New Reason to Privatize Japan Post

This guy is so wrong.
So it can be punished by the market for dumb ideas like this. I present a case of Strong Bad’s imagination coming to life:

Japan Post to Deliver New Year’s Postcards to Every House in Area of Choice
[Soon addressing your cards ]”To all those living in X-town” Will Be OK

Japan Post announced on Dec. 22 that it will start a service that will deliver New Year’s postcards (nengajo) with the addressee left off to specific areas. The cards will arrive on the first of next year, and the program will be experimentally implemented in Tokyo and the 14 major cities in Japan.

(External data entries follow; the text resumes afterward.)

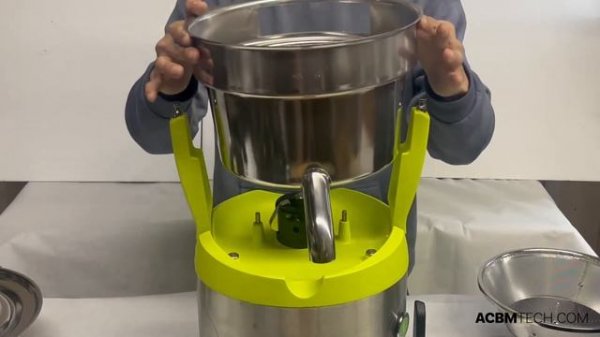 Santos | Assembling the Santos 68 Commercial Juicer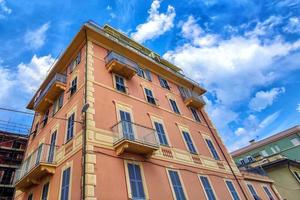 varazze medeltida by målad hus förbi de hav liguria Italien foto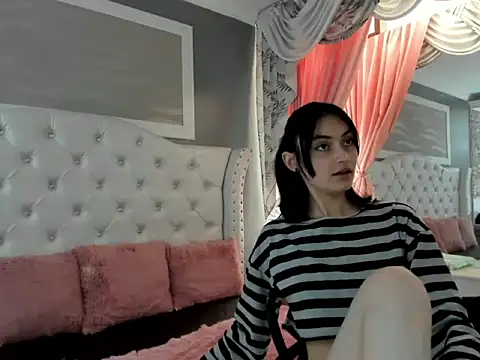 naomi cooper   online show from October 1, 1:39 pm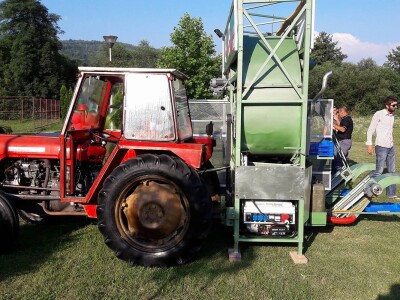 Josip Laštro izumio stroj za branje malina! Josip Laštro izumio stroj za branje malina!
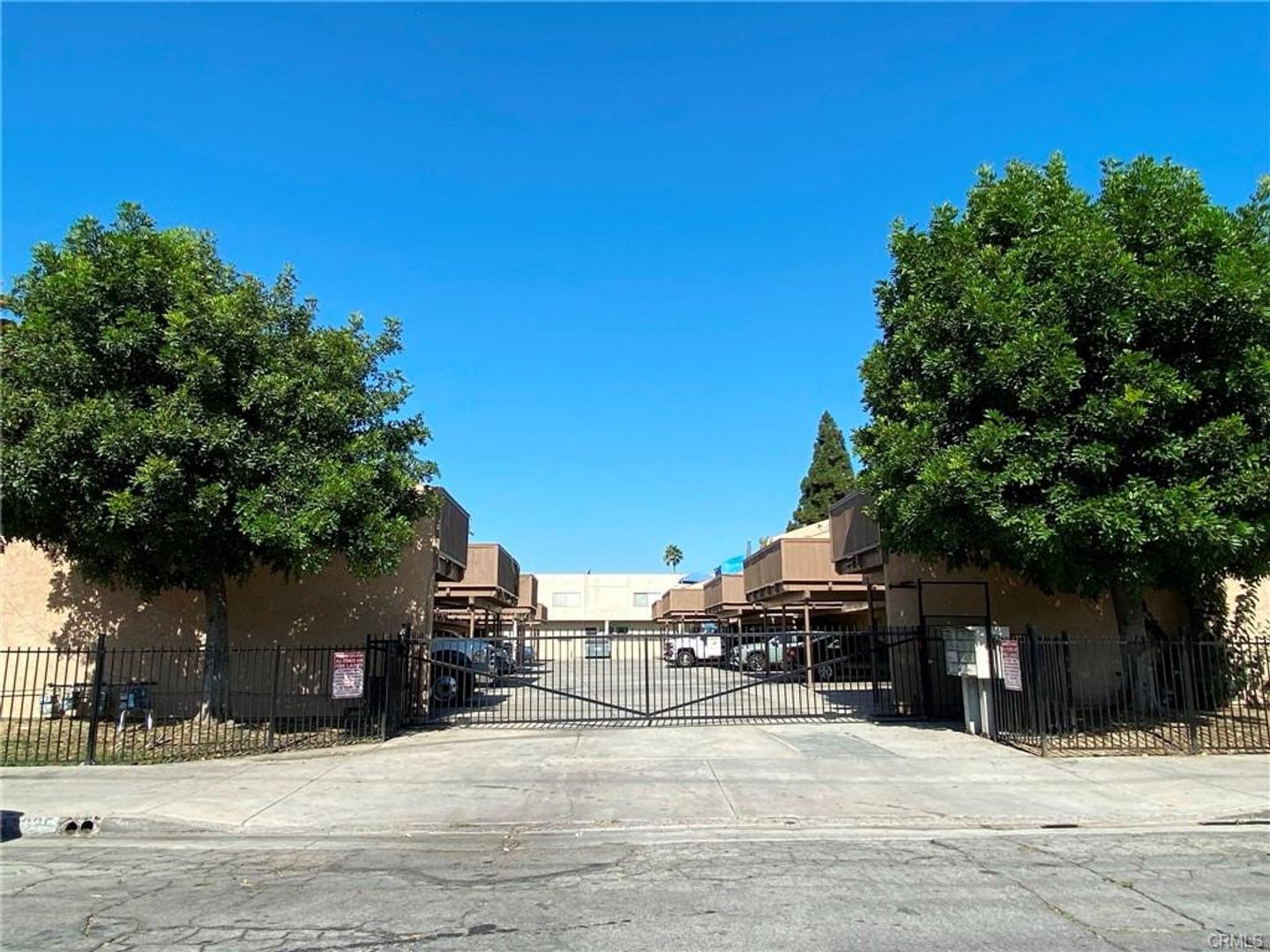 EL MONTE Apartment: 3025-3031 LASHBROOK AVE.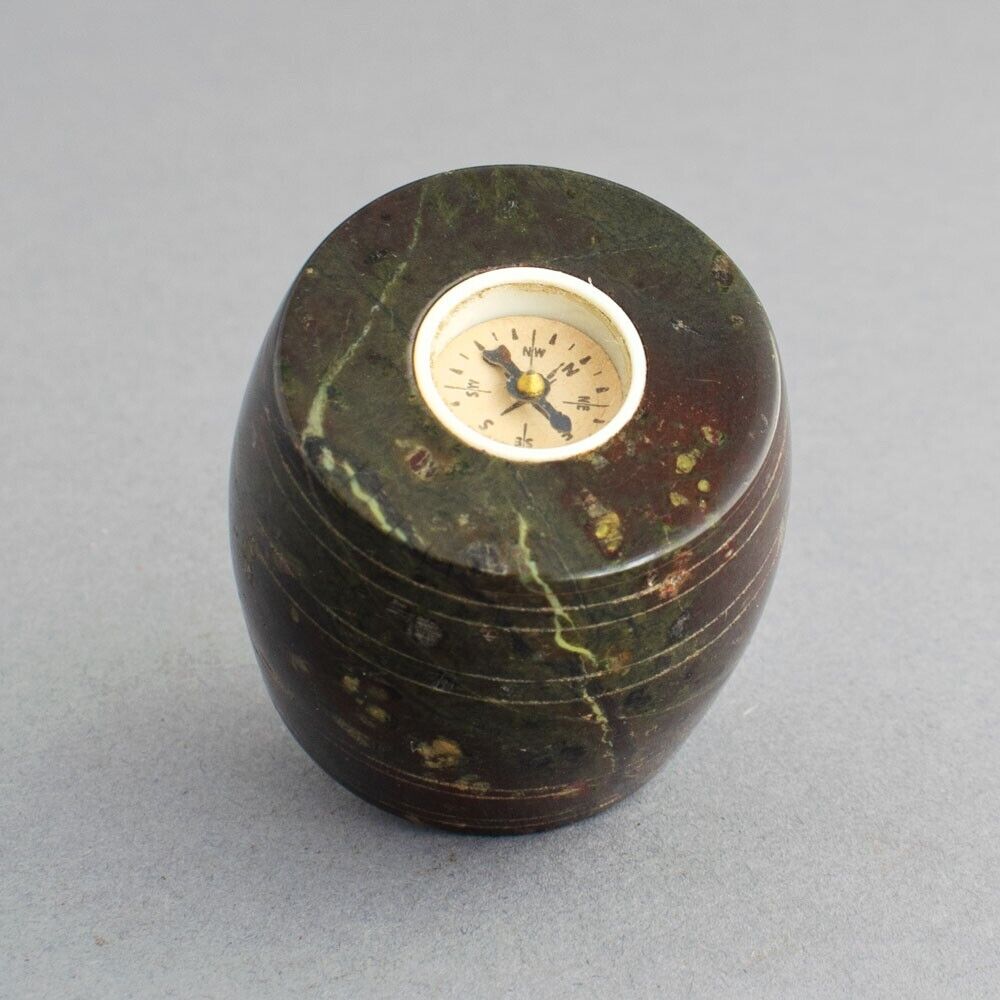 Antique CORNISH SERPENTINE Green/Red Agate BARREL with Inset DIRECTIONAL COMPASS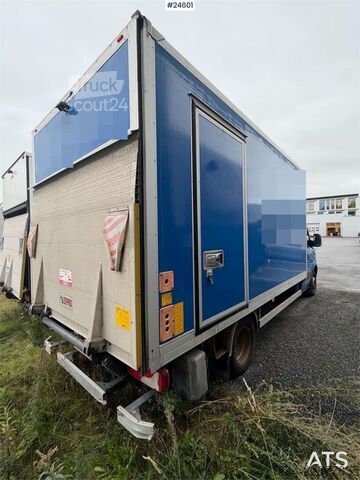 Resväska Mercedes-Benz Sprinter 4x2 Box truck – 3-temperature refrigerati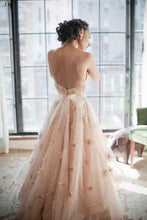 Load image into Gallery viewer, Pretty Sweetheart Long Open Back Wedding Dresses Charming Bridal Dresses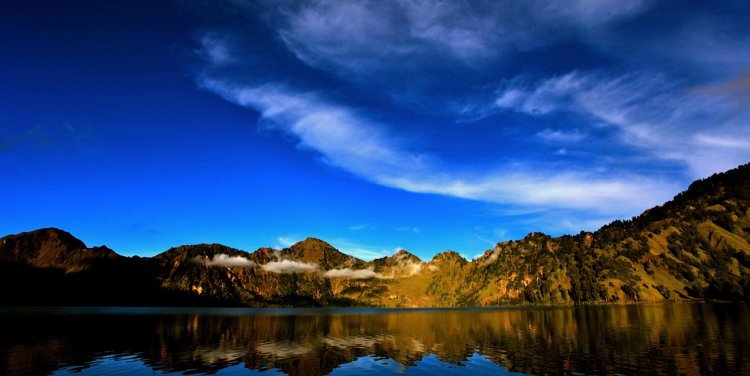 Trekking Mount Rinjani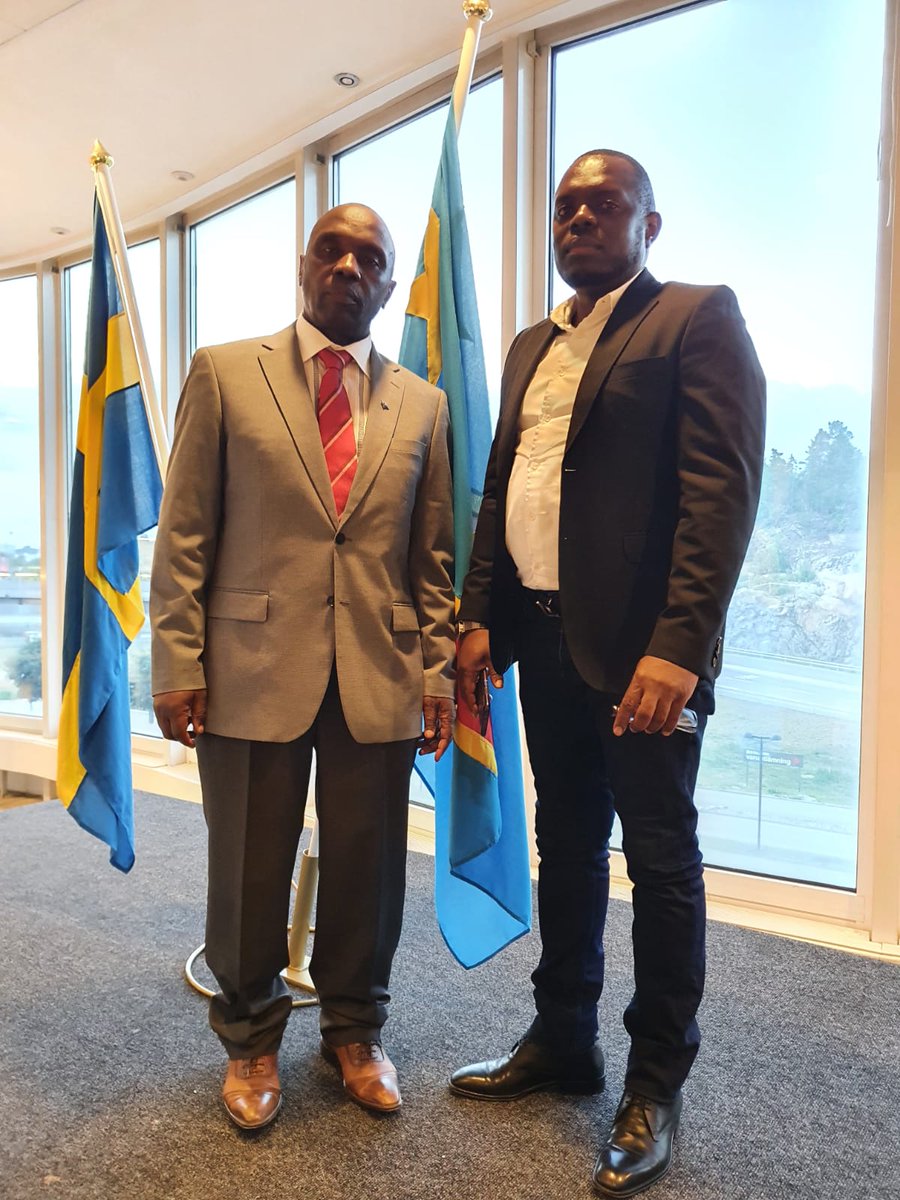 CBagunda's tweet photo. Présence remarquable de UNC Suède conduite par son SF @CBagunda à la fête de l'indépendance organisé  par l'ambassade de la RDC ici en Suède. @VitalKamerhe1 @BillyKambale1 @uncsuede @uncrdc @CBuhendwa @MichelMoto1 @MathePayPay @juvenalmunubo @MoiseMirevo1 https://t.co/33qbmqONtp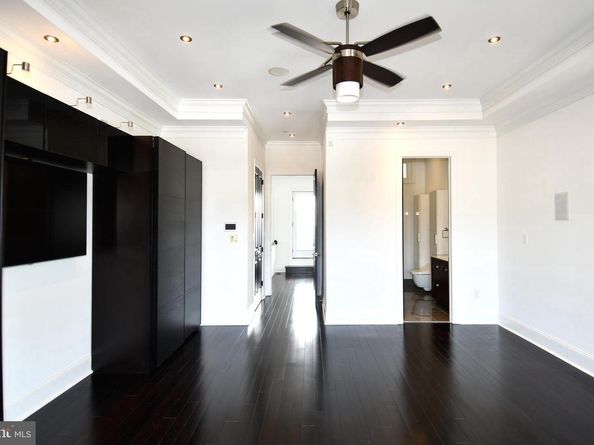 719 12TH Street SE 3, Washington DC 20003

By placing “to all of those living in X-Town” on the cards, they will be delivered to all houses in the specified area. (Jiji Press)

4 thoughts on “New Reason to Privatize Japan Post”

  1. This sounds less like a service for a magnamious well-wisher and more like a ploy for an insidious direct marketer (does junk mail even exist in Japan?)

    Dear Resident of Meguro-machi: Suntory wishes you a Happy New Year.

  2. oh yes junk mail exists, lots.
    the difference between japan and say america is that they don’t mail it very often, usually they just drive by and stuff it in your mail box. this works well because many people live in apartment buildings so you can just drive on over with your scooter and stuff 30-100 mailboxes in a matter of seconds. you also get junk towels and things that are actually useful too.
    technically it’s illegal and counts as trespassing, but that doesn’t seem to stop anyone.
    also, as that picture included in the original article? on the guy’s costume it says 民営化 反対. what does that have to do with the new years cards? the 民営化 has already be decided and really nothing can be done to stop it.

  3. Darin: True enough, the man pictured is protesting postal privatization. I didn’t put the photo there for any reason necessarily — he’s just hilarious-looking. I have to figure out a good way to caption the photos so as not to confuse people.

  4. And no it wasn’t included in the original article. I found it randomly on google image search. Also will try and make that clear in the future.